#### Task to carry out:
Output the records exactly as they appear, with no pictures included.

#### Data for this task:
────────────────

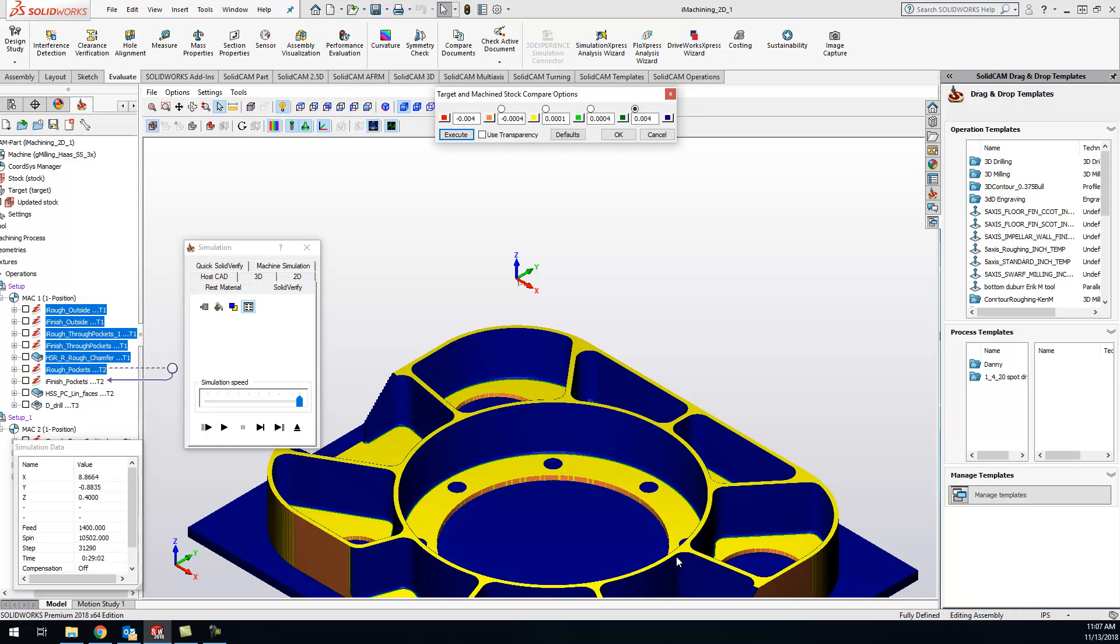Any material that is still left over or have rest material still on the wall. Just wanted to show you the stock target comparison and show you how it works in the solid verify. Thanks guys, have a great night and we'll talk to you tomorrow. Bye bye.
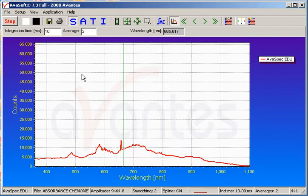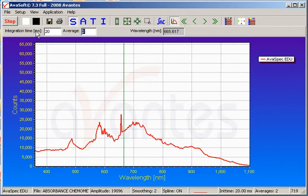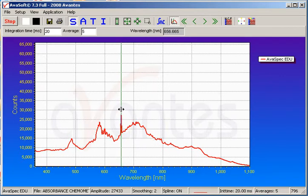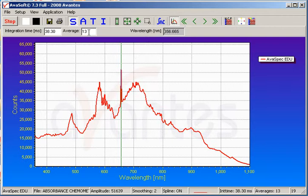Now we are ready to set up the instrument to make it optimal for this measurement. We use Scope mode, which is basically a setup mode where we set integration time and averaging. We can set the integration time manually — for example, increasing it to 20 and averaging to 5 — with the goal of getting the maximum counts at the peak near 656 nanometers to roughly 80% of the maximum, which is 65,000 counts. It is much easier, however, to use the Auto Integration Configure button, which uses an algorithm to find the optimal integration time and sets averaging to optimize signal-to-noise. The square root of the number of averages gives the improvement in signal-to-noise, so it is always important to use averaging.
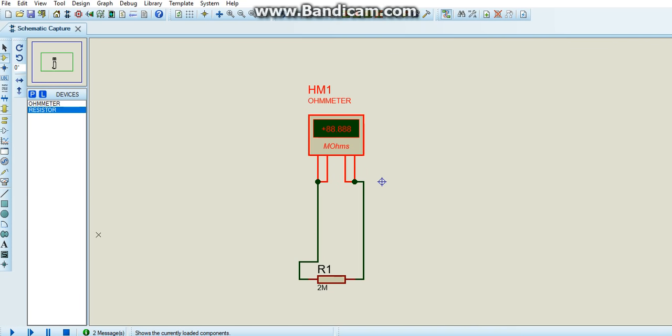Now click on the play button. Now it shows 2 mega ohms.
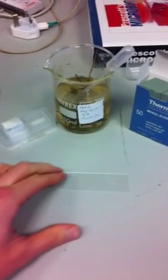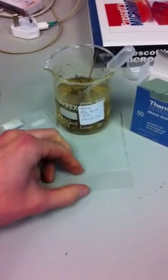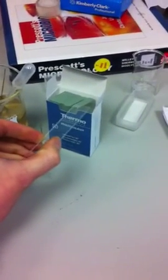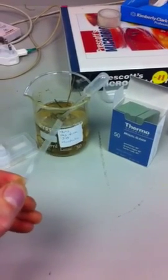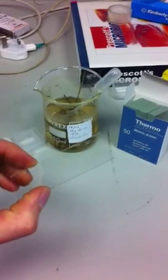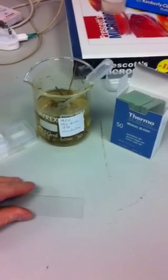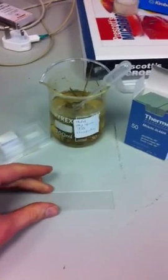So first we've got a slide here, from this box. They're quite delicate and they can break quite easily, so be careful with them.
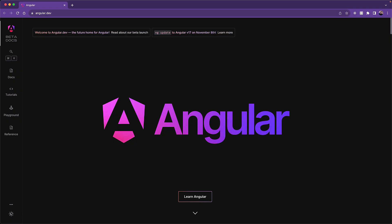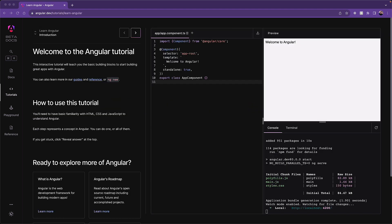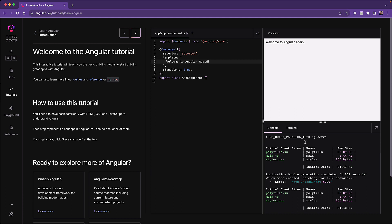It's basically a new documentation site called Angular.dev with a new logo. A shining feature of this new site is the ability to play around with Angular projects in the Tutorials section as well as within the Playground. Now this is not something that you couldn't do before because after all, Code Sandbox has existed for a while, but it's nice that all of this is contained within the main documentation site.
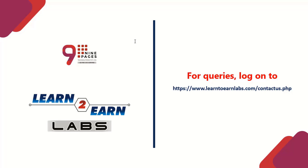Hope aapko cheezein samajh mein aa gayi hongi. Agar aapki koi bhi query hai to aap comment box mein use likh sakte hain ya phir aap log on kar sakte hain www.learn2unless.com/contact_us.php. Hum aapki query solve karne ki koshish karenge. Thank you.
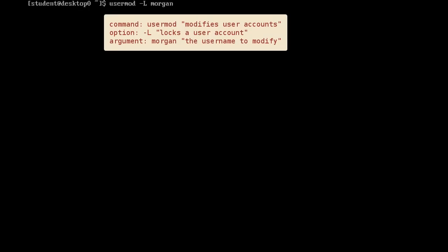Commands entered at the prompt have three basic parts: the command to run, options that adjust command behavior, and arguments which are typically targets of the command. This command locks user Morgan's account.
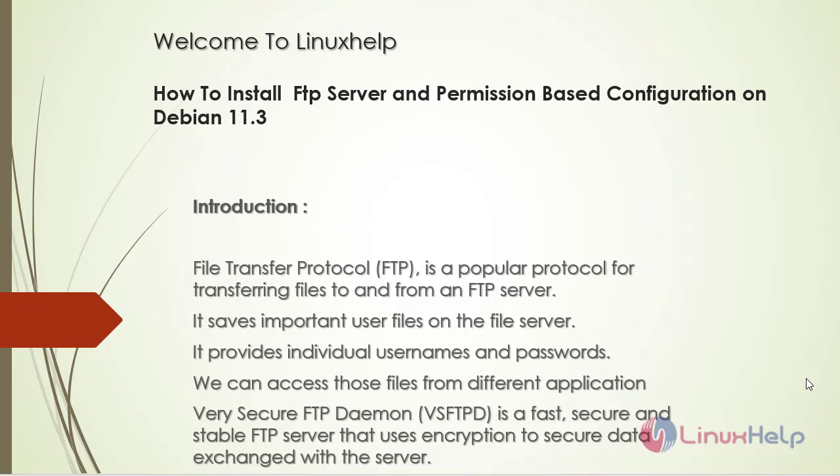Welcome to Linux help. Today we are going to see how to install FTP server and permission based configuration on Debian version 11.3. File transfer protocol is a popular protocol for transferring files to and from an FTP server. It saves important user files on the file server. It provides individual usernames and passwords. We can access those files from different applications. Very secure FTP daemon is a fast, secure and stable FTP server that uses encryption to secure data exchanged with the server.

────────────────

#### Task solution:
Any material that is still left over or have rest material still on the wall. Just wanted to show you the stock target comparison and show you how it works in the solid verify. Thanks guys, have a great night and we'll talk to you tomorrow. Bye bye.
Now we are ready to set up the instrument to make it optimal for this measurement. We use Scope mode, which is basically a setup mode where we set integration time and averaging. We can set the integration time manually — for example, increasing it to 20 and averaging to 5 — with the goal of getting the maximum counts at the peak near 656 nanometers to roughly 80% of the maximum, which is 65,000 counts. It is much easier, however, to use the Auto Integration Configure button, which uses an algorithm to find the optimal integration time and sets averaging to optimize signal-to-noise. The square root of the number of averages gives the improvement in signal-to-noise, so it is always important to use averaging.
Now click on the play button. Now it shows 2 mega ohms.
So first we've got a slide here, from this box. They're quite delicate and they can break quite easily, so be careful with them.
It's basically a new documentation site called Angular.dev with a new logo. A shining feature of this new site is the ability to play around with Angular projects in the Tutorials section as well as within the Playground. Now this is not something that you couldn't do before because after all, Code Sandbox has existed for a while, but it's nice that all of this is contained within the main documentation site.
Hope aapko cheezein samajh mein aa gayi hongi. Agar aapki koi bhi query hai to aap comment box mein use likh sakte hain ya phir aap log on kar sakte hain www.learn2unless.com/contact_us.php. Hum aapki query solve karne ki koshish karenge. Thank you.
Commands entered at the prompt have three basic parts: the command to run, options that adjust command behavior, and arguments which are typically targets of the command. This command locks user Morgan's account.
Welcome to Linux help. Today we are going to see how to install FTP server and permission based configuration on Debian version 11.3. File transfer protocol is a popular protocol for transferring files to and from an FTP server. It saves important user files on the file server. It provides individual usernames and passwords. We can access those files from different applications. Very secure FTP daemon is a fast, secure and stable FTP server that uses encryption to secure data exchanged with the server.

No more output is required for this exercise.